Dominant color refers to colors that make up approximately 30 percent or more of a natural stone’s surface.
Secondary color refers to colors that make up less than approximately 30 percent of a natural stone’s surface. For example, we may describe a certain granite as having beige dominant colors with blue and purple secondary colors.
Unlike paint, perceived color in natural stone is highly fluid, depending on surface finish, moisture, and sun angle. Therefore, we reference color themes rather than specific color names or numbers.
Color pattern refers to the way in which colors are distributed over the surface of the stone. For example, we may refer to the granite as having a regular color pattern with some speckles and swirls. We’ve adopted many of our color pattern terms from other materials, such a wallpaper and carpet.
Feeling refers to an overall warm or cool color composition or exhibits a feeling of movement.
Inclusions refer to the presence of additional minerals, such as mica, that can change the perceived color of natural stone.
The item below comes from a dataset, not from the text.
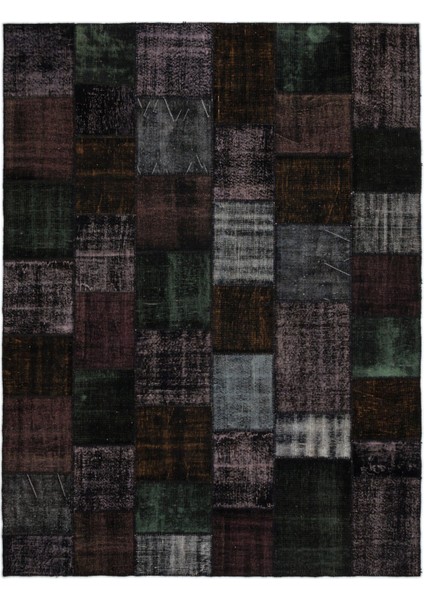 Vintage Kahverengi Çerçeveli Yün Modern Desenli Yün Hav Toz Vermez Leke Tutmayan Salon Yolluk Mutfak El Dokuma Halı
Inclusions can create dramatic movement when they are linear, streaked, swirled or veined.
Surface finish processes can change the perceived color of certain stone. Keep this in mind when creating a stone curation specification.
Mountain Hard Limestone Beige / One Stone. Eight different finishes.
Mountain Hard Limestone Beige /
One Stone. Eight different finishes.
Flamed & Tumbled
Sandblasted & Brushed
Even though the individual elements of a color profile are closely related, dominant and secondary color, color pattern and inclusions can be specified independently in a stone curation specification to achieve specific design goals.
A growing trend in natural stone design is to use different products, with different color profiles, surfaces, and textures, in a single design pattern. It’s important to note that certain surface finish processes can change the color profile of certain stone.